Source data
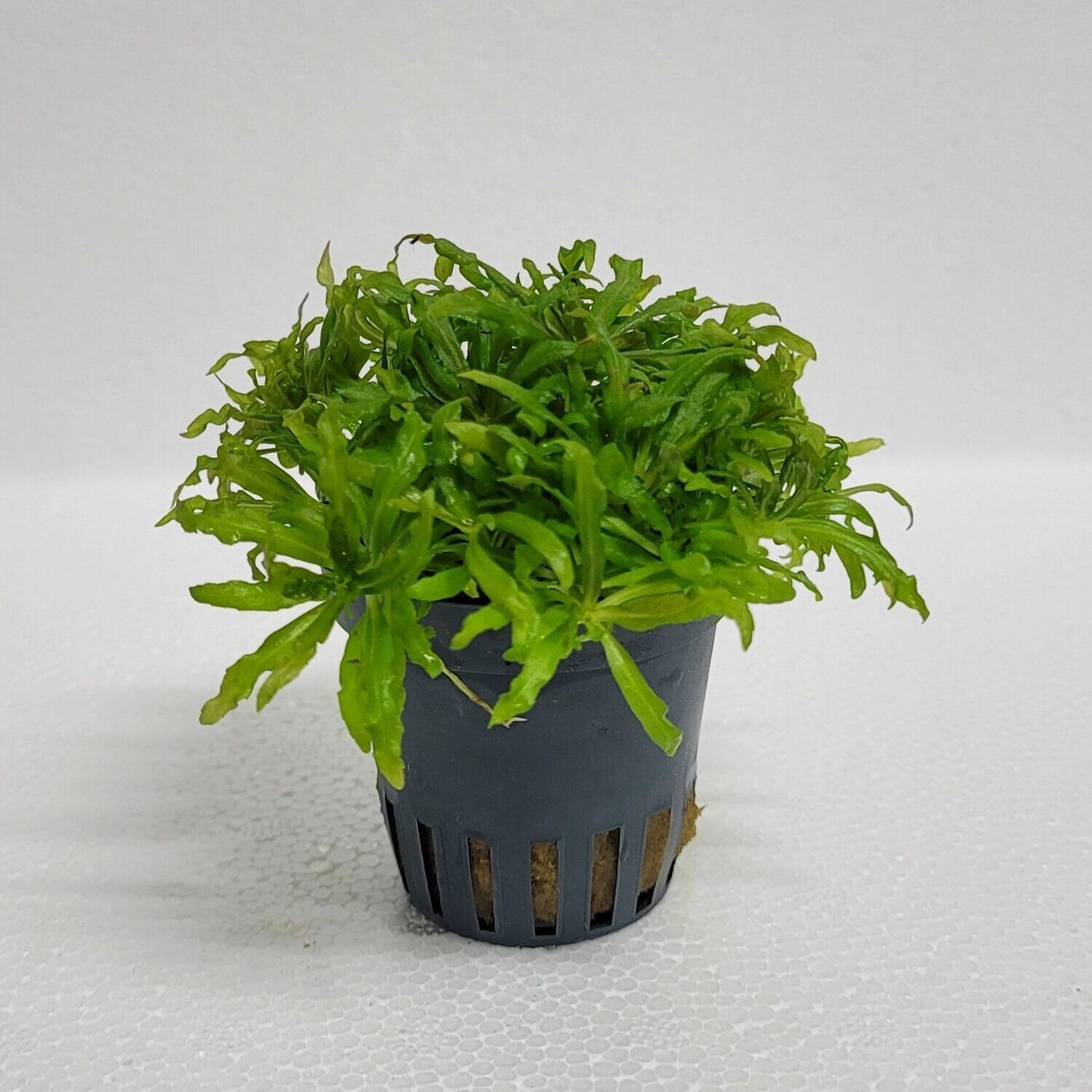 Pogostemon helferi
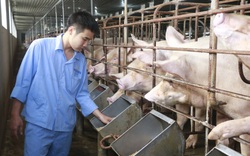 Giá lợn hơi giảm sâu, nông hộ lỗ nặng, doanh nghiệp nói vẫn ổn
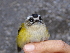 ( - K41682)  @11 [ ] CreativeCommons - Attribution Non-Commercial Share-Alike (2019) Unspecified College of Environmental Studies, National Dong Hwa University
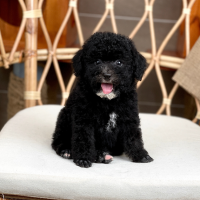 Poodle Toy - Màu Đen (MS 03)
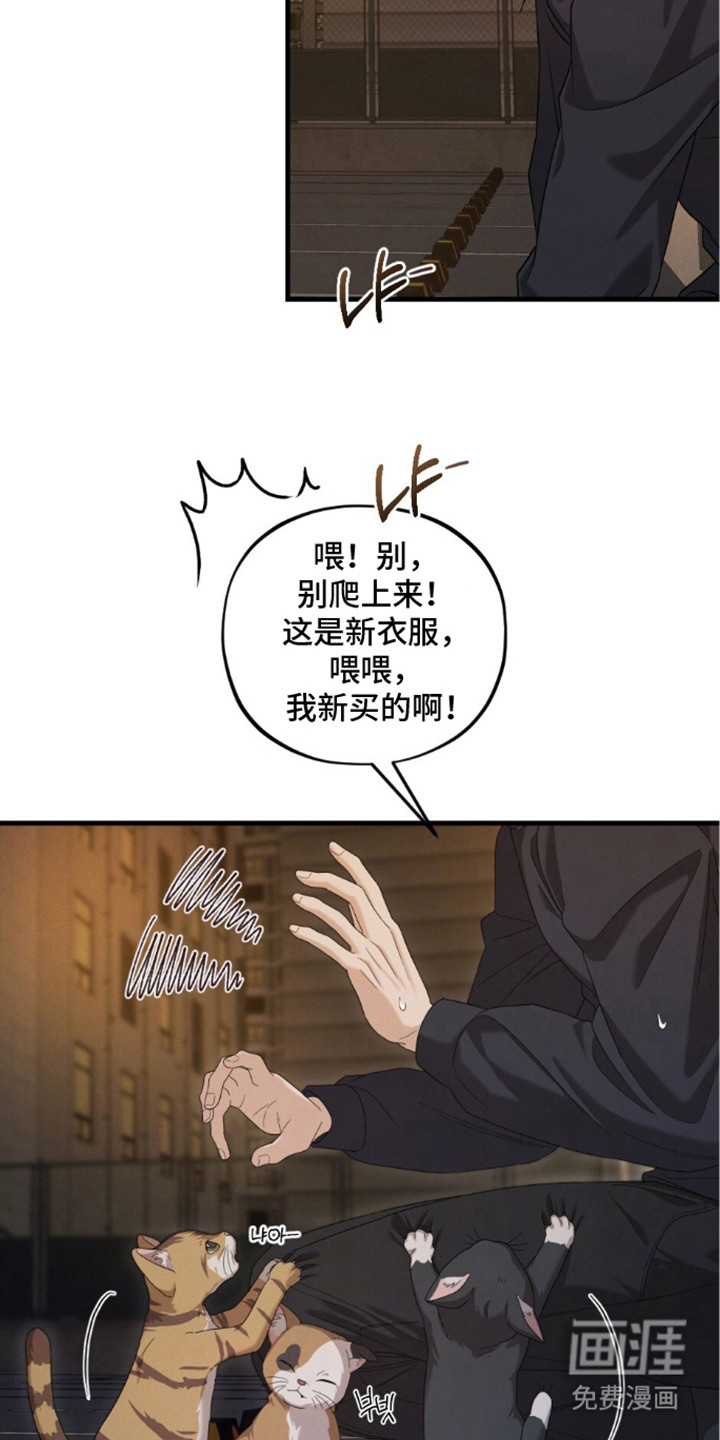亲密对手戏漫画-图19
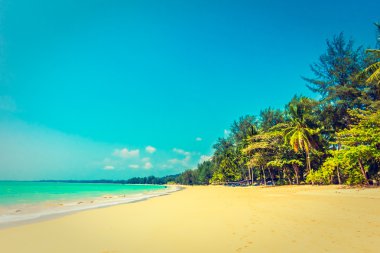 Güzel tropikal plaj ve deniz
* * *
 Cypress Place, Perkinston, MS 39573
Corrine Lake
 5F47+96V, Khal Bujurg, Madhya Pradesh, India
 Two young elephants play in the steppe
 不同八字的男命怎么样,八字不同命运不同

Your objective => Your reply is to repeat, unchanged, the lines above running from the one with "Cypress Place, Perkinston, MS 39573" up to and including the one with "不同八字的男命怎么样,八字不同命运不同".

Result =>
 Cypress Place, Perkinston, MS 39573
Corrine Lake
 5F47+96V, Khal Bujurg, Madhya Pradesh, India
 Two young elephants play in the steppe
 不同八字的男命怎么样,八字不同命运不同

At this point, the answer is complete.